Shortly after school closed because of the coronavirus in mid-March, the Sea Cliff Elementary School band director, Jodie Larson, heard a trumpet outside her Sea Cliff home. The song was one she teaches, and she hurried onto her porch to see its source.
There she found one of her students, Marco Camps, leaning out the passenger’s-side window of his mother’s car, playing his trumpet while his mom held his sheet music. Larson, 62, smiled and recorded the drive-by serenade on her phone.
She posted the video of Marco’s performance on social media, and it received more attention than she expected. Within days, current and former students were driving by her home to play for her, which, she said, brought her immense joy.
“This has really brightened my days,” Larson said. “I’m in my house alone, so this has been a connection to see the students who live in town. I get to have students come by, and they’re still motivated to play, and it’s inspiring me and inspiring them . . . I love it.”
Wes Petersen, a fifth-grade drummer in the SCE band, came by next. He set up a snare drum on the street and played part of a piece that he was to perform at the New York State School Music Association festival, which was canceled because of the coronavirus.
Weslater returned with a drum set on his father’s pickup truck and his sister, Ava, now a North Shore Middle School student, brought her electric bass. The two staged a short rock concert for Larson, which was fun and meaningful, Wes said.
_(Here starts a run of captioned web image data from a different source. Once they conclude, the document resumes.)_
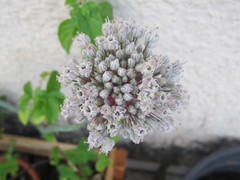 Allium porrum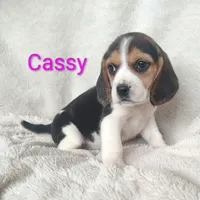 Cassy, a female Beagle for sale in Kansas City, KS – Photo 3 of 6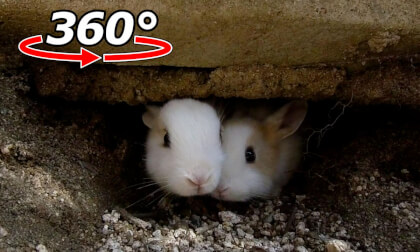 VR 360° | There were baby rabbits! They seem interested in you! VR Video VR 360° | There were baby rabbits! They seem interested in you! VR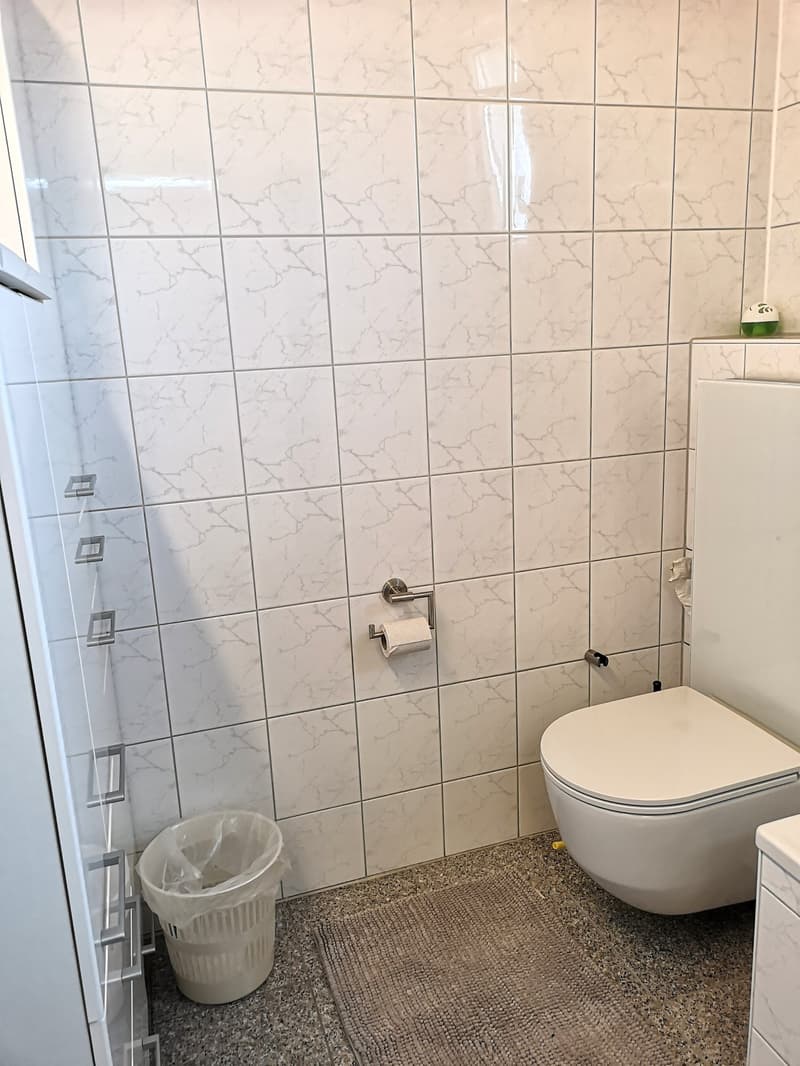 Price reduction: House with two rented apartments and one apartment for the owner (26)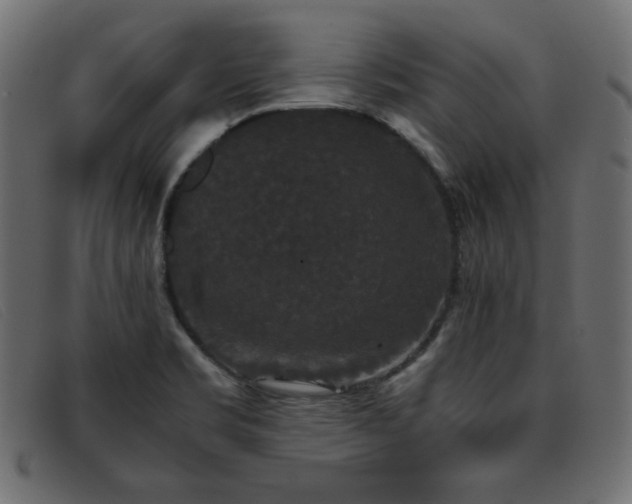 X0000093371469200710111427
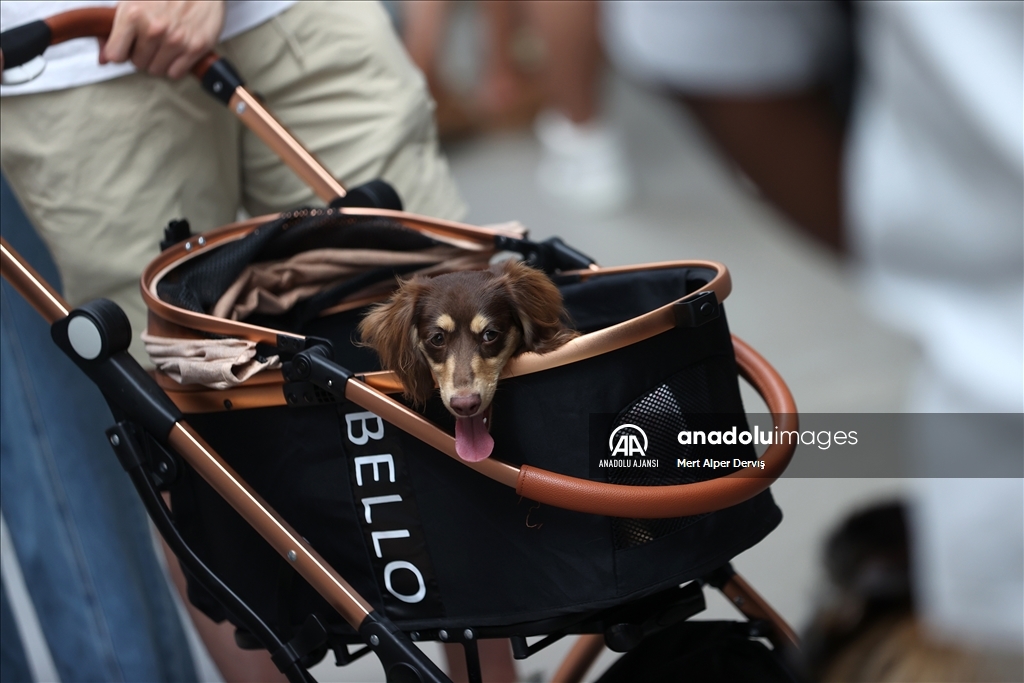 Toronto'da köpekler için "Doggie Fest Yaz Karnavalı" düzenlendi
“It’s really nice to play for her because she always smiles after, and she always looks out for us,” he said. “She’s a really good music teacher, so I like to see her smile, even though there’s stuff going on.”
Wes’s mother, Denise, said the students’ desire to play for Larson shows how much she means to them. SCE’s concerts are incredible, she said, and it means a great deal to the students to be able to show their appreciation for her.
Todd Borom and his fourth-grade son, Cody, visited Larson with their trumpets after she sent them an email invitation. After playing “Amazing Grace” and James Brown’s “Cold Sweat,” Cody said he felt good knowing he had made his teacher happy. Todd, a trumpet player since childhood, said it meant the world to him to share the experience with his son.
“It’s great to be able to share this with not only Jodie,” he said, “but also the community because it brings people joy and it lets them see the young kids do something that makes us all smile, in spite of all that’s going on.”
Larson, who has lived in Sea Cliff for 26 years and taught at SCE since 2002, said she appreciates hearing students play instruments of all sorts. Although the flute is her main instrument, she also plays clarinet, saxophone, trumpet, trombone and percussion, all of which she teaches at a professional level.